- [Entries supplied]
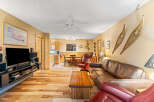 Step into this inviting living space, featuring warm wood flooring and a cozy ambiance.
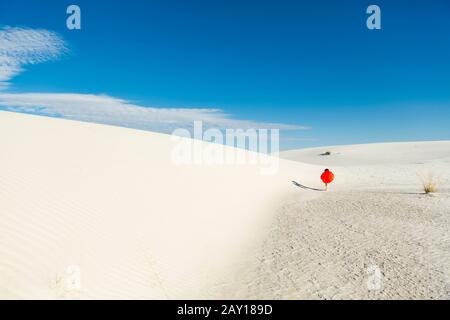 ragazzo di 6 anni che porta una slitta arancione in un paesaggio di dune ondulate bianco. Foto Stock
---
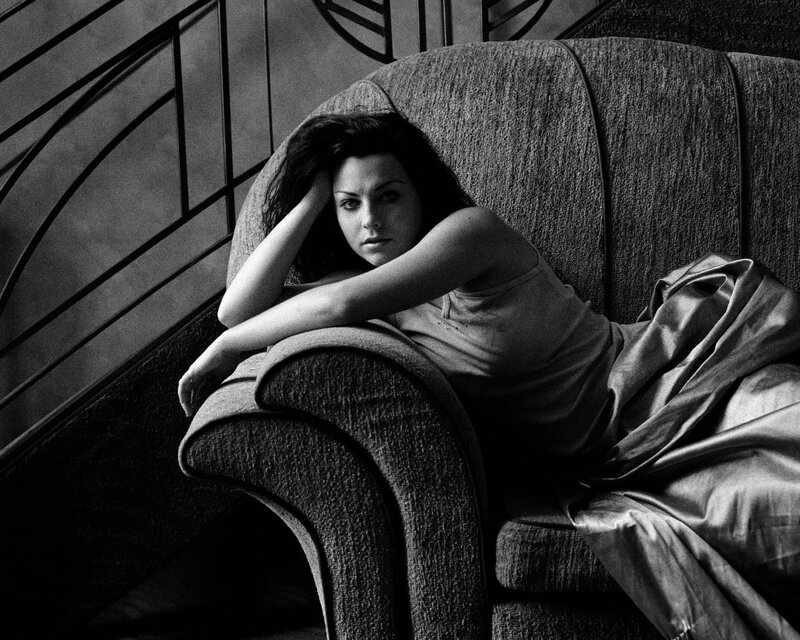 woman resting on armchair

- [Task prompt] The stretch above running from the line with "Step into this" through the line with "ragazzo di 6" is all you should copy, exactly, leaving out the pictures.

- [Answer for this exercise]
 Step into this inviting living space, featuring warm wood flooring and a cozy ambiance.
 ragazzo di 6 anni che porta una slitta arancione in un paesaggio di dune ondulate bianco. Foto Stock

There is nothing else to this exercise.